Maybe sometime in the future we will not be so bound by bitcoin's supply schedule, yet it still seems to be a real dynamic, and I even thought that you LFC were a bigger proponent of the 4 year cycles than a lot of other folks especially since you have been continuously emphasizing BTC price tops within expected 4 year time cycles.. seemingly more than some other folks... so I don't see why you are so down on PlanB since he is not even that different from Giovanni and PlanB includes the part of bitcoin in his model that you seem to also gravitate towards so much.
None of us are going to get the exact 4-year top correct, whether plan B or anyone else, but even the last cycles have been continuing to follow a pretty damned close to exact 4-year cycle, in spite of so many folks on either side continuously proclaiming that this time is going to be different because we need to account for x, y, z, and blah blah blah.. but even with ongoing increases in various kinds of adoption and crazy-ass kinds of attacks, it all still seems to balance out and still fall into 4-year cycles, which seems to be just as good to be using Plan B or even who cares use the powerlaw model and they are not that much different from one another..
Today my new car arrived! Mercedes GLC coupe AMG 43 with all extras! All of it paid by Bitcoin, after a modest 20-30x profit.

I hate to be a party poop, or maybe I do?
Unless you switched to buying, leasing is not the same as buying.
Also, you frequently talk about your various expenses and even whatever you were doing with your trading during the 2022 corrections, I have difficulties appreciating how you are supposedly getting 20-30x profits on whatever bitcoin you are spending to lease that car.. .and sure yeah, leases do have options to buy at the end of the lease, so some of the stuff that you are saying does not really add up.. even though a lot of guys with your tenure in bitcoin could have had 20x to 30x or even greater profits, but surely not as likely when you were going through so many previous fairly big selling events... 20x to 30x would be required to maintain something like $3k to $4k in average costs per BTC. which I suppose could be possible, but even seems a stretch under normal circumstances that had involved your various trading around stories in the past.

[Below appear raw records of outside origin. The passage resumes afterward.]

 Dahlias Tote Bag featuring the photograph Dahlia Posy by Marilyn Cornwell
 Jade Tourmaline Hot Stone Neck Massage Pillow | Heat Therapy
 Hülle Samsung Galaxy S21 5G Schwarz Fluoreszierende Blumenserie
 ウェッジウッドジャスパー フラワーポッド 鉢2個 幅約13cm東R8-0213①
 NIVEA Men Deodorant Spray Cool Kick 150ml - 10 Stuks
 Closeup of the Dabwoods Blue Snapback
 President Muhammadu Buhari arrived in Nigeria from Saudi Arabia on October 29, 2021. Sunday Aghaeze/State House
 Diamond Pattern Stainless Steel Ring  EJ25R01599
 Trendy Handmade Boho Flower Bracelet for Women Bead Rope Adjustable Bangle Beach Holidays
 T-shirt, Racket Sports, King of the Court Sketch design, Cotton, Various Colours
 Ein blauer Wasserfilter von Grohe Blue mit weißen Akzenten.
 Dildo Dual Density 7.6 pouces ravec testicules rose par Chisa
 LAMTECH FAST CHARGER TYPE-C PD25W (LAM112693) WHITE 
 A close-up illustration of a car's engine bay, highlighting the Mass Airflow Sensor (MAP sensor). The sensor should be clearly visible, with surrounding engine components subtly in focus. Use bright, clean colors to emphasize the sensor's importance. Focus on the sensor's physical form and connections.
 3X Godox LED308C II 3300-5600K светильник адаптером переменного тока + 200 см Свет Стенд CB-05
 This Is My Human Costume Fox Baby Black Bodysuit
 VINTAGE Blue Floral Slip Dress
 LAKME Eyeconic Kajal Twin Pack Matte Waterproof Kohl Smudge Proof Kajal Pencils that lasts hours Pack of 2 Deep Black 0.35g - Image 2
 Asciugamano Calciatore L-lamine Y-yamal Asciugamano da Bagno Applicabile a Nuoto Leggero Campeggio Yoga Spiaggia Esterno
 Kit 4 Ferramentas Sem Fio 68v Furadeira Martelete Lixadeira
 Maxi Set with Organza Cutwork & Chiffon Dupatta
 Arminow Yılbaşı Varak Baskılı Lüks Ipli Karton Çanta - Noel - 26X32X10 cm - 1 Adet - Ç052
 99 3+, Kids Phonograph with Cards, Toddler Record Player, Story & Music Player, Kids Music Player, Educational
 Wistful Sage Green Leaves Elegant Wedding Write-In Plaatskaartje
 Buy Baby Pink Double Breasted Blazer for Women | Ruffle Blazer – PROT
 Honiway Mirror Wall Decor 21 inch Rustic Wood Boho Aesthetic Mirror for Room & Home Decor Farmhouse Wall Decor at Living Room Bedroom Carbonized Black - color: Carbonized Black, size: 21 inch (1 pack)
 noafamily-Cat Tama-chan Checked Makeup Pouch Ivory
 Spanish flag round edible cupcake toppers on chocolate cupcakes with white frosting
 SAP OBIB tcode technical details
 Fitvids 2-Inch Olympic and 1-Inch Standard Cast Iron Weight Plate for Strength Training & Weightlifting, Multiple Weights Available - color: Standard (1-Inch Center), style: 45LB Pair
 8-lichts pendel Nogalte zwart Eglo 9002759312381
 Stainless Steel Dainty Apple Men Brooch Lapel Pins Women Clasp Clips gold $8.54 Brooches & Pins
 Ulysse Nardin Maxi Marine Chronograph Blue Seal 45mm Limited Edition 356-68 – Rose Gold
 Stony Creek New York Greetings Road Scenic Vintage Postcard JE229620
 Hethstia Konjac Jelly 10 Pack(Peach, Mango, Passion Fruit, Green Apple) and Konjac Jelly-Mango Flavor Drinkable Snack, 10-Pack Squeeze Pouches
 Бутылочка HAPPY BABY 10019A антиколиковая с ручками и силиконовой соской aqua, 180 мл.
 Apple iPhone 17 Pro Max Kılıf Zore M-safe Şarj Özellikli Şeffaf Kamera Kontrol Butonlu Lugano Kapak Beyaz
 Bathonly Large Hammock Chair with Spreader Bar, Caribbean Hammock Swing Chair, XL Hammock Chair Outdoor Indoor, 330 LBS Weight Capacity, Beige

Maybe I should not poo-poo too heavily, since there could be decently justification to start to live off of your BTC, especiaally for guys with average cost per BTC less than $10k, and there like are a decent number of us who had been able to achieve that, especially if we may well have had accumulated most of our BTC prior to November 2020......so I would speculate that many guys take a bit of time to accumulate BTC and establish a bitcoin position, yet I would think that most guys who had been able to accumulate most of his BTC stash prior to November 2020 (even if he made several mistakes along the way) could have had reasonably achieved average costs per BTC below $10k.
Even guys who might have had started accumulating BTC in 2020, might not have had been able to keep his costs per BTC below $20k unless he was able to somewhat front load his BTC investment. Of course, there are some guys who are able to bring down their costs per BTC by trading rather than just ongoing accumulating of BTC and buying on the dip, yet no way am I going to presume anyone to either be a successful trader or to be able to beat any guy who is just engaging in ongoing BTC accumulation.. .... Nothing wrong with trying to buy BTC on the dip, yet I think that a lot of times even the buying on the dip does not tend to outperform the guys who are consistently, persistently and ongoingly buying BTC. So yeah, I take with a grain of salt any claims of guys proclaiming to have costs per BTC that ended up being lower than the guy who just persistently accumulates BTC through ongoing buying of BTC.